Cet opus nocturne est donc plutôt épuisé. Certes, la franchise gagne en maturité et évolue avec grâce selon son époque, mais malgré quelques idées qui ne manquent pas de tonus (le sofa dans l’introduction) et de vives répliques (la montre) qui savent viser juste de par leur humour, on regrette d’avoir l’impression de revoir Skyfall sans le brio de ce dernier, mélangé avec le canevas de tant d’autres Bond, la surprise évacuée. Ainsi, ouverture musclée, générique insupportable (que ce poulpe étouffe Sam Smith au plus vite!), une ville, une amante vite oubliée, un méchant qui se précise, la capture et torture dans un endroit reclus, beaucoup d’explosions et la grande finale.
On aura beau dire qu’on sait pourtant à quoi s’attendre en allant voir ce genre de films, mais face aux nombreux Kingsman, Spy et même le mésestimé The Man from U.N.C.L.E. de Guy Ritchie, tous sortis cette année, qui savaient tous insuffler leur propre souffle au film d’espionnage, on est un peu déçu que Spectre évite systématiquement les surprises en préférant se camoufler derrière les conventions.

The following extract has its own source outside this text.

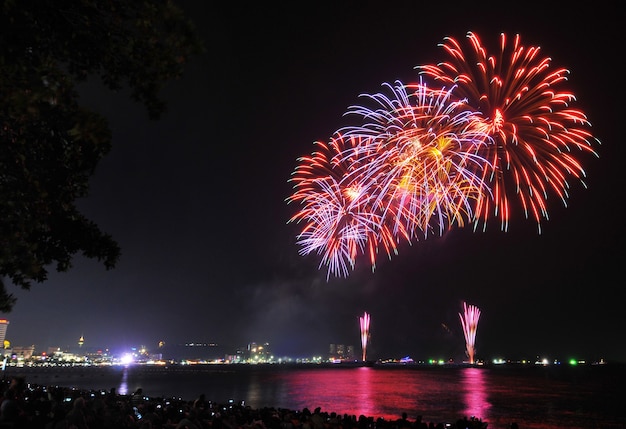 I fuochi d'artificio illuminano il cielo con uno spettacolo abbagliante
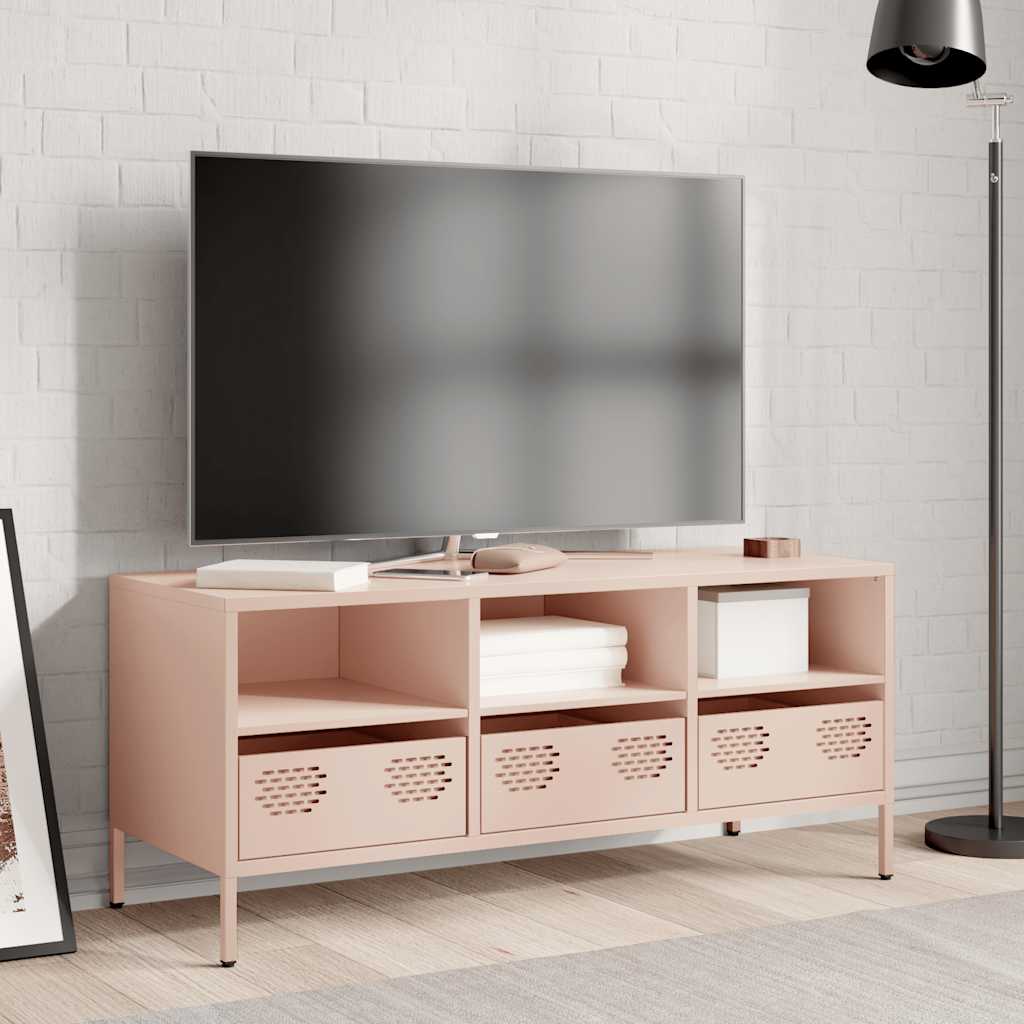 Mobile TV Rosa 101,5x39x43,5 cm in Acciaio Laminato a Freddo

Restera néanmoins la grande diversité des lieux ayant collaboré en la production de Bond la plus coûteuse à ce jour, ses somptueux paysages et de solides scènes d’action à se mettre sous la dent pour apprécier ce bon film d’action qui préfère recycler au lieu d’innover.
7/10
Spectre prend l’affiche ce vendredi 6 novembre. Quelques représentations spéciales ont lieu le jeudi 5 novembre en soirée.